REQUIRED WORK: Begin at the line that holds "Tee-Shirt Kawasaki à" and retype every line through the end of the material, both included. Leave out the pictures.

*** Opening EXERCISE DATA ***

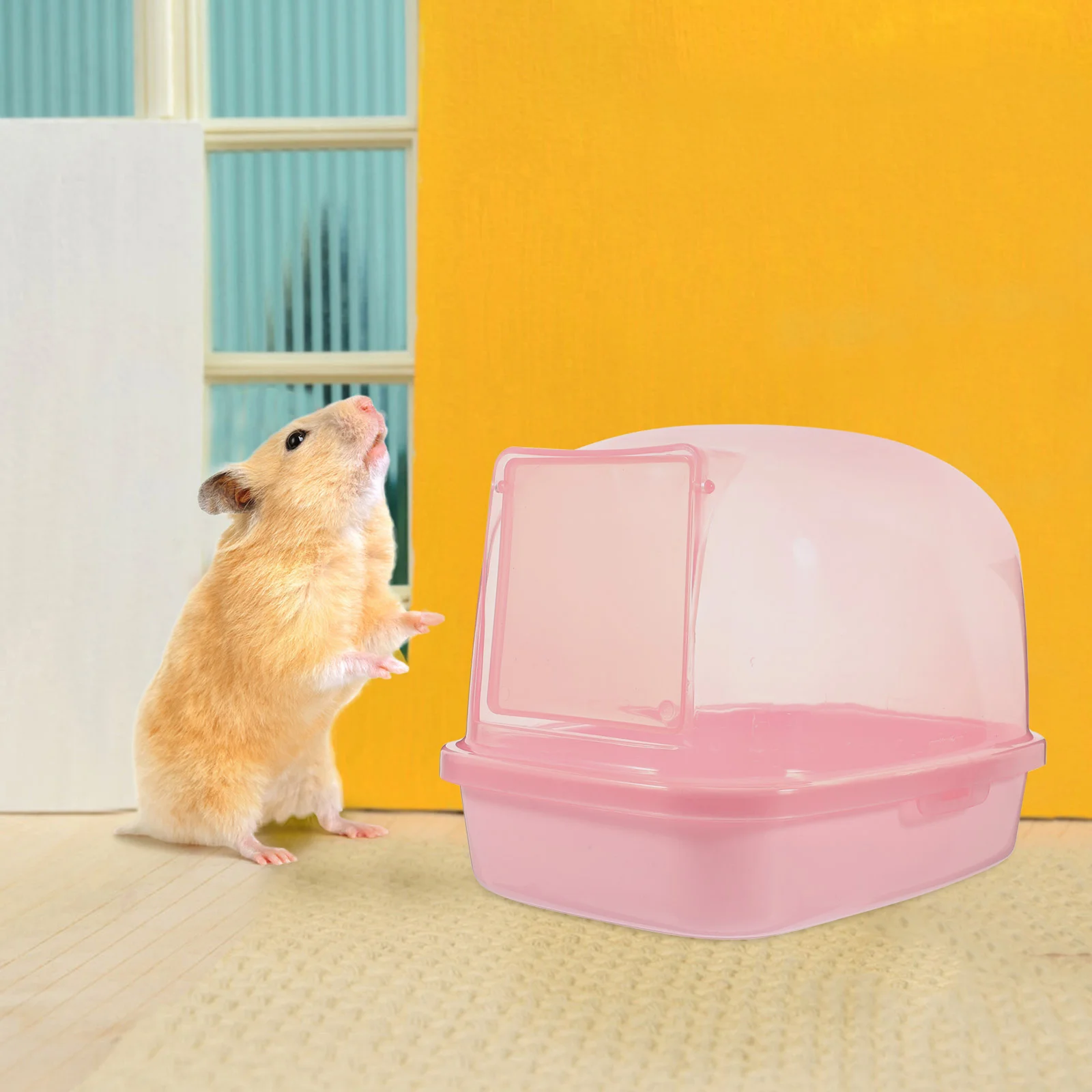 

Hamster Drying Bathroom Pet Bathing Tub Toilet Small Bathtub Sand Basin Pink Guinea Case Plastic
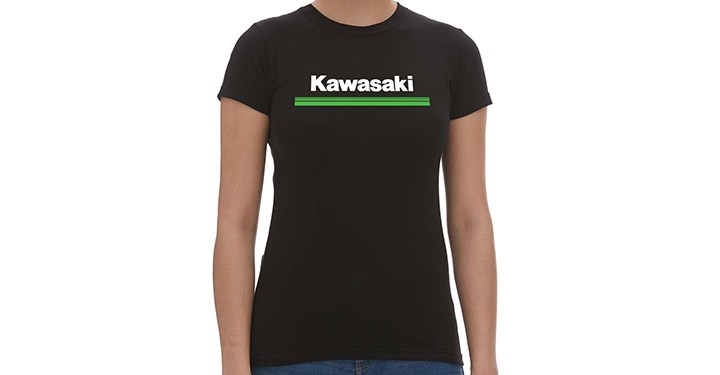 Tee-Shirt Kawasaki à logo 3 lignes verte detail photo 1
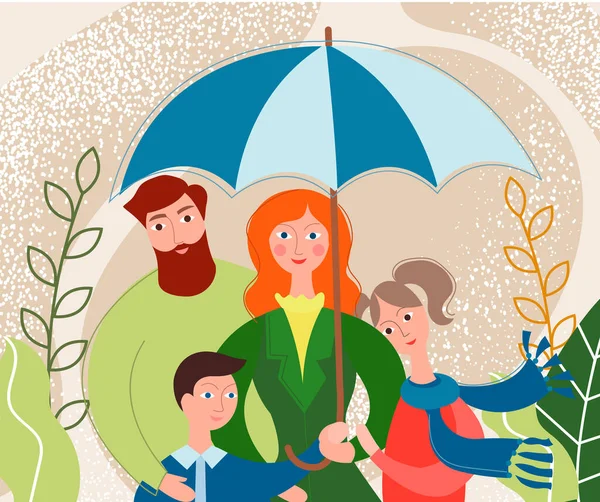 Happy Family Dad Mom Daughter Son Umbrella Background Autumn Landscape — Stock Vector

*** Closing EXERCISE DATA ***

SOLUTION TO THIS EXERCISE:
 Tee-Shirt Kawasaki à logo 3 lignes verte detail photo 1
 Happy Family Dad Mom Daughter Son Umbrella Background Autumn Landscape — Stock Vector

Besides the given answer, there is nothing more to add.